WORK REQUIRED: Using the data below, return word for word every line from the one holding "Photo(s) from Freelance Remodeling" down to the one holding "OCEAN VIEW HEIGHTS - Residential". Leave pictures out.

TASK INPUT:
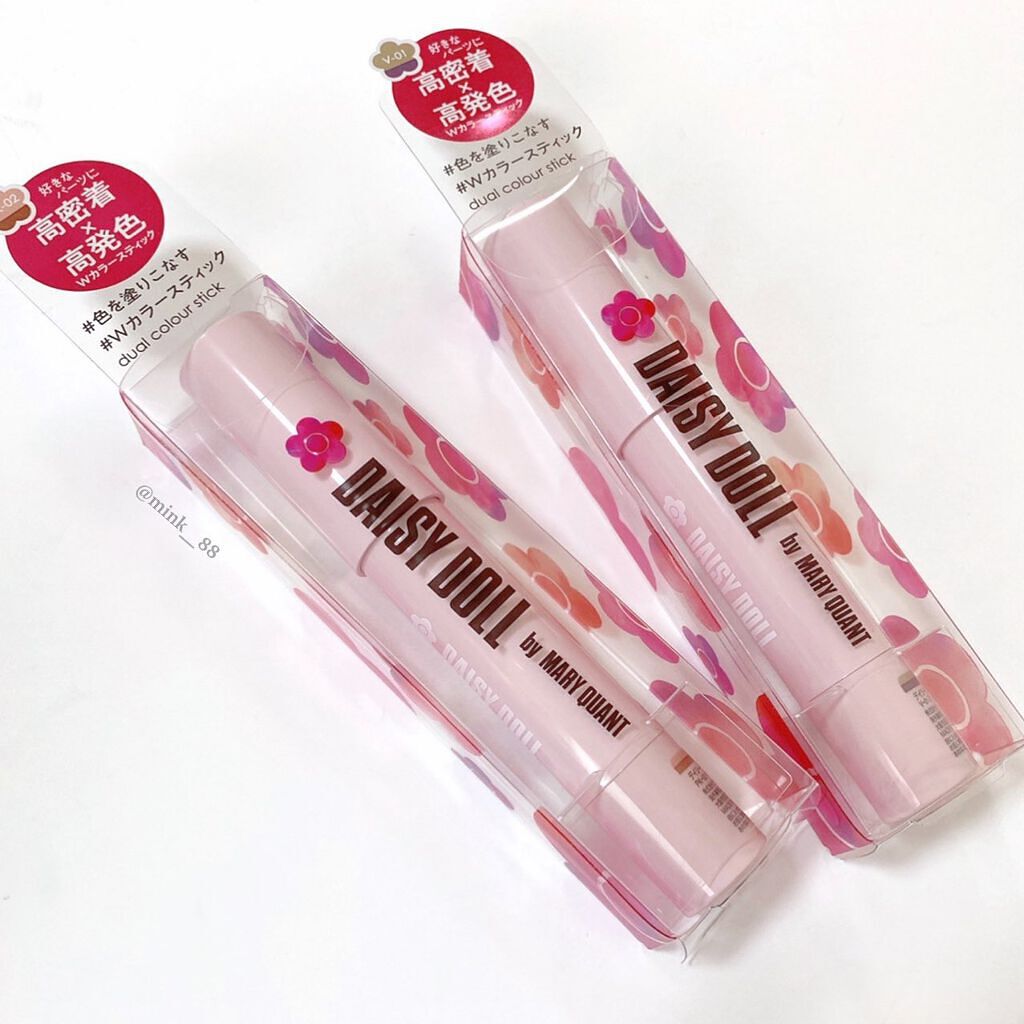 Cheritta 1day/Cheritta/ワンデー(1DAY)カラコンを使ったクチコミ(5枚目)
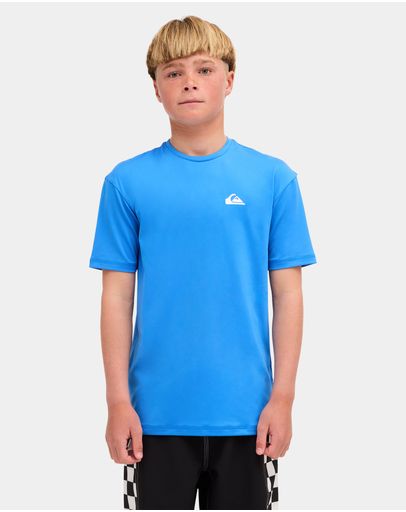 PALACE BLUE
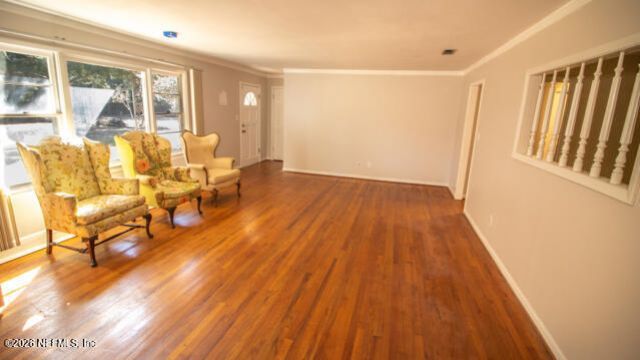 13224 NE 199th Street, Waldo, FL 32694 Photo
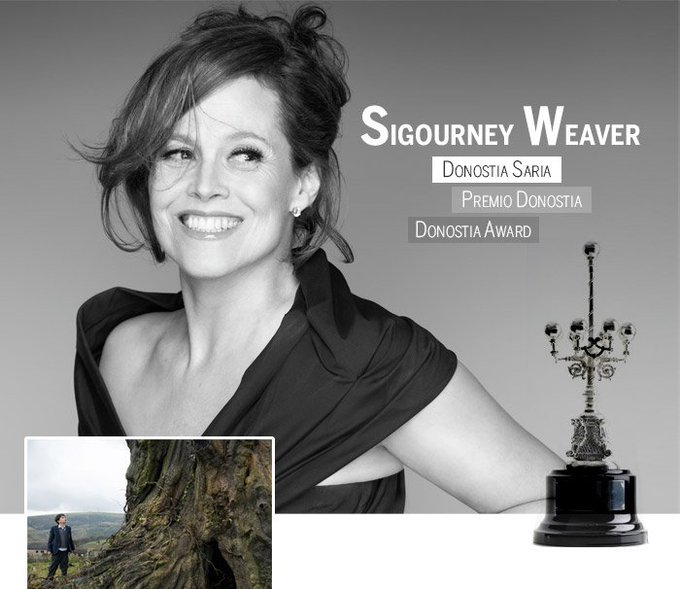 Ver imagen en Twitter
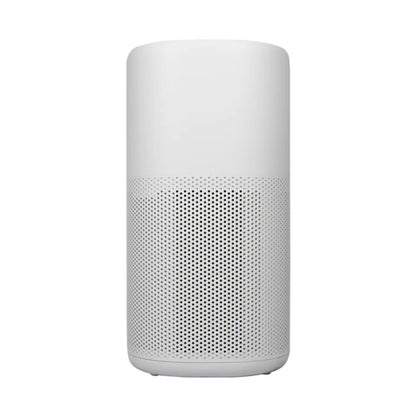 Solenco 803 Air Purifier - Thuza  SOL803AP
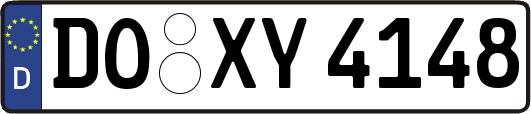 DO-XY4148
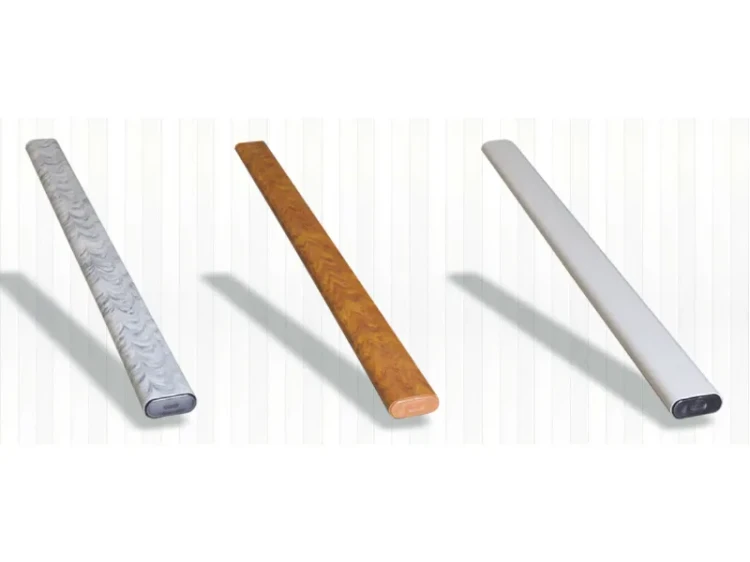 zaslepka-do-profilu-lawkowego-orgodzeniowego-85-x-35mm-drewnopodobna-ws-wizualizacja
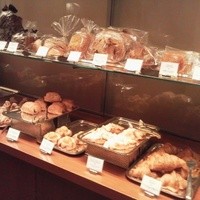 フィオレンティーナ - 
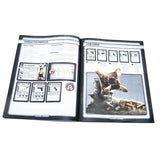 Resident Evil 3 The Board Game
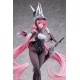 Original Character - Statuette 1/4 Magical Parade Bunny 45 cm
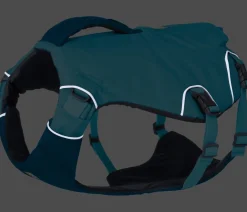 RUFFWEAR® Mehr Hundezubehör|Mehr Transport & Unterwegs > chwiwete für Hunde Confuence™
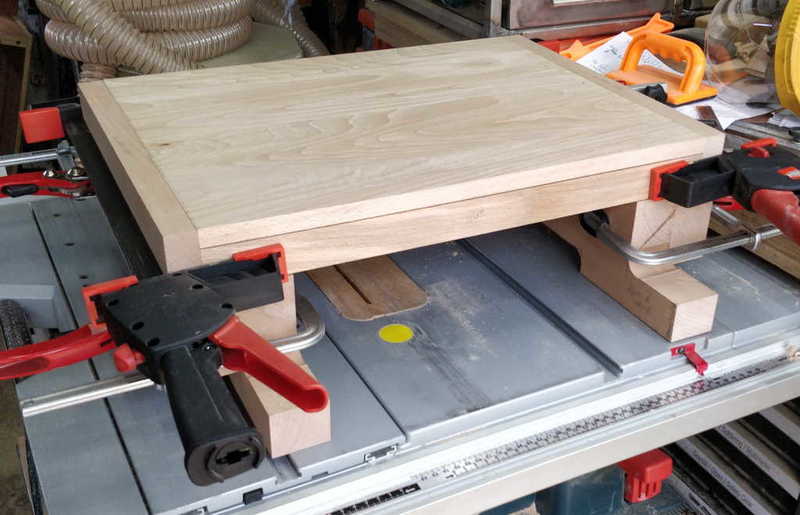 portableworkbench_clamp_for_scale_800.jpg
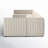Brandt Upholstered U-Shaped Sectional Symmetrical-443287493-443287491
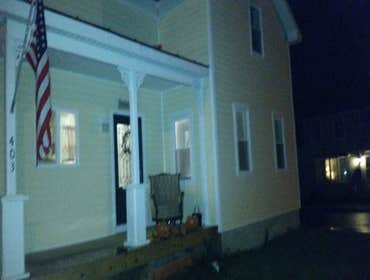Photo(s) from Freelance Remodeling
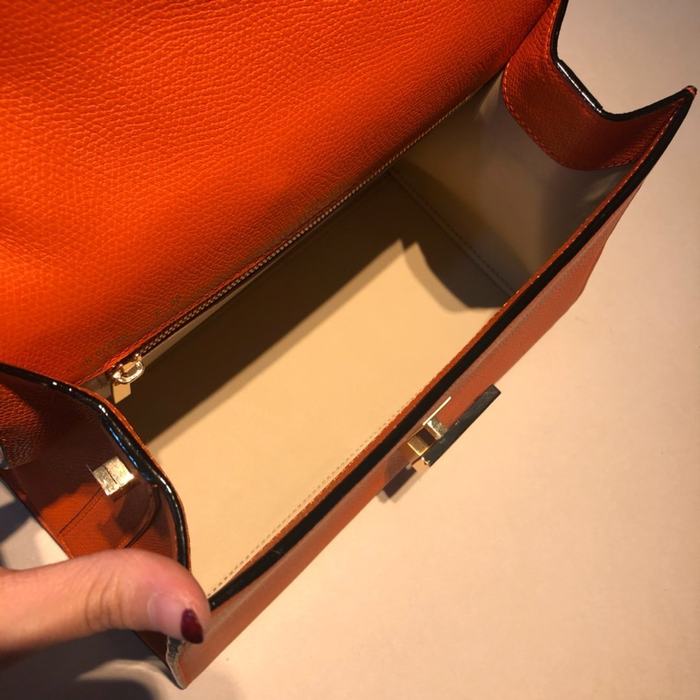 Valextra_Bag_Latest styles_2026_yupoo_Original_quality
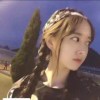https://q.qlogo.cn/qqapp/101260148/2E4E2B0972D0572FEB09D95AA7D7A40C/100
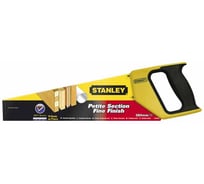 Универсальная ножовка Stanley 1-20-002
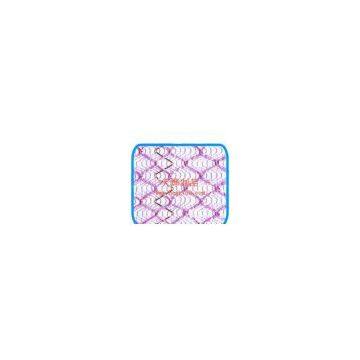 Packing Net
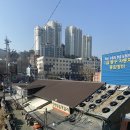 범일동산림공원 이미지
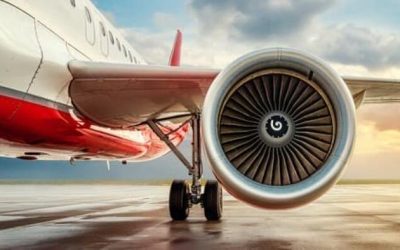 Memorial Day Jet Fuel Demand Outshines Gasoline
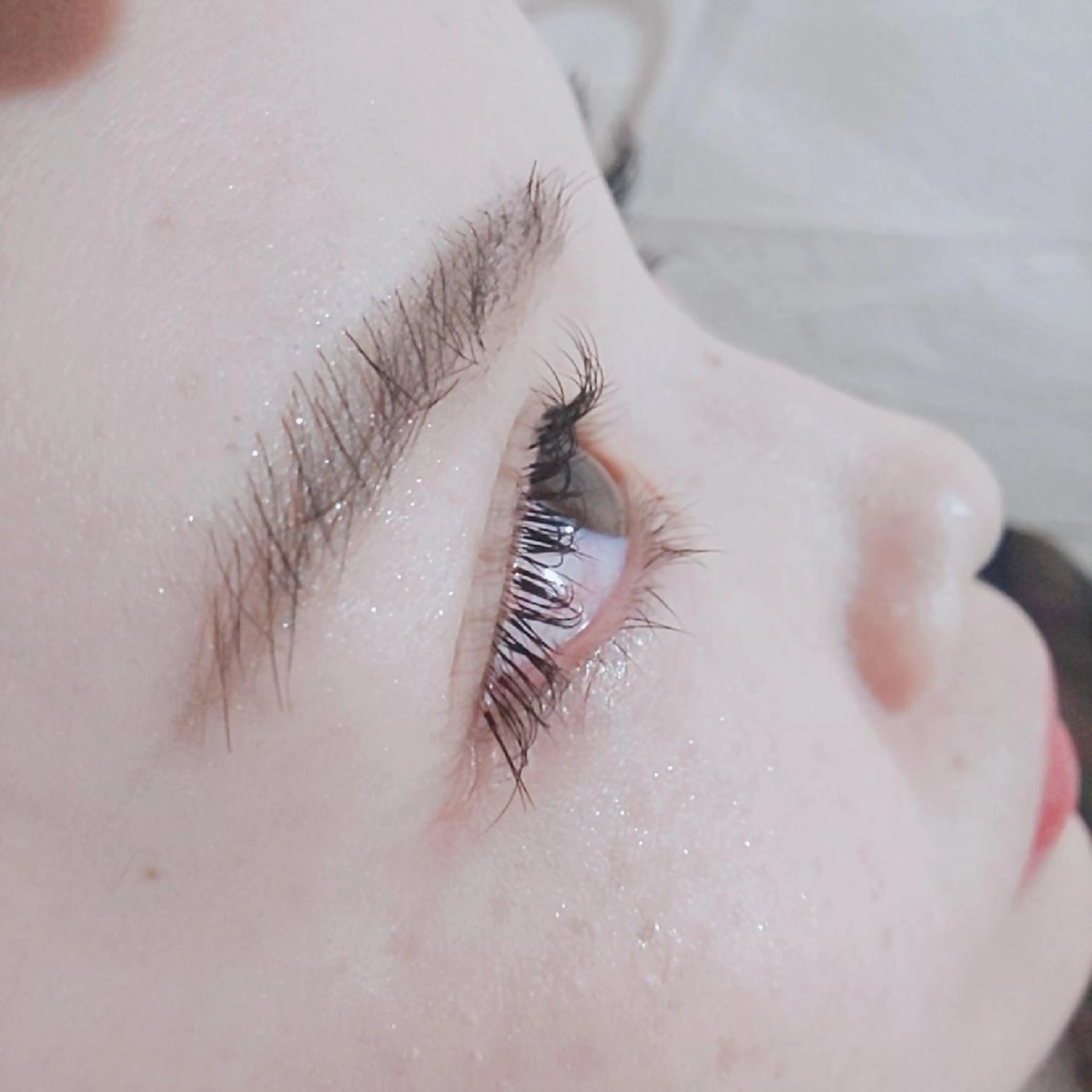 マツエク・マツパ いしはら くにこのマツエク・マツパデザイン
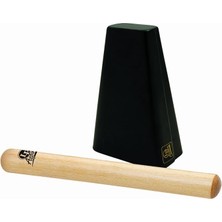 MSP Percussion LPA404HK Aspire Cha-Cha Çan Seti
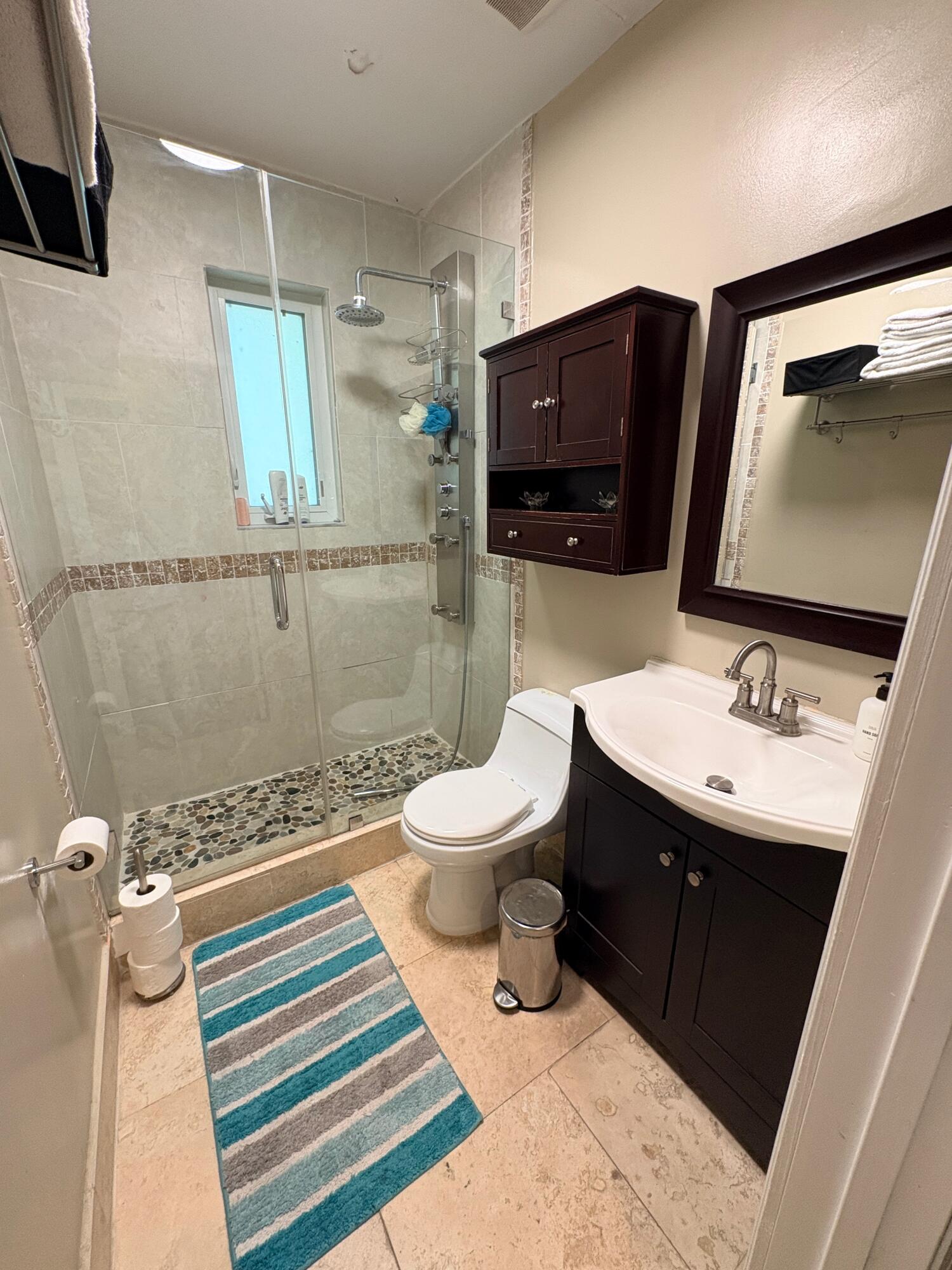 OCEAN VIEW HEIGHTS - Residential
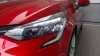 Renault Clio TCe Intens 67kW Renault Clio TCe Intens 67kW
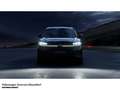 Volkswagen Touareg R 3 0 L V6 EHYBRID Aktionspaket Plus/ Dynaudio Con Schwarz - thumbnail 13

EXERCISE RESPONSE:
Photo(s) from Freelance Remodeling
 Valextra_Bag_Latest styles_2026_yupoo_Original_quality
https://q.qlogo.cn/qqapp/101260148/2E4E2B0972D0572FEB09D95AA7D7A40C/100
 Универсальная ножовка Stanley 1-20-002
 Packing Net
 범일동산림공원 이미지
 Memorial Day Jet Fuel Demand Outshines Gasoline
 マツエク・マツパ いしはら くにこのマツエク・マツパデザイン
 MSP Percussion LPA404HK Aspire Cha-Cha Çan Seti
 OCEAN VIEW HEIGHTS - Residential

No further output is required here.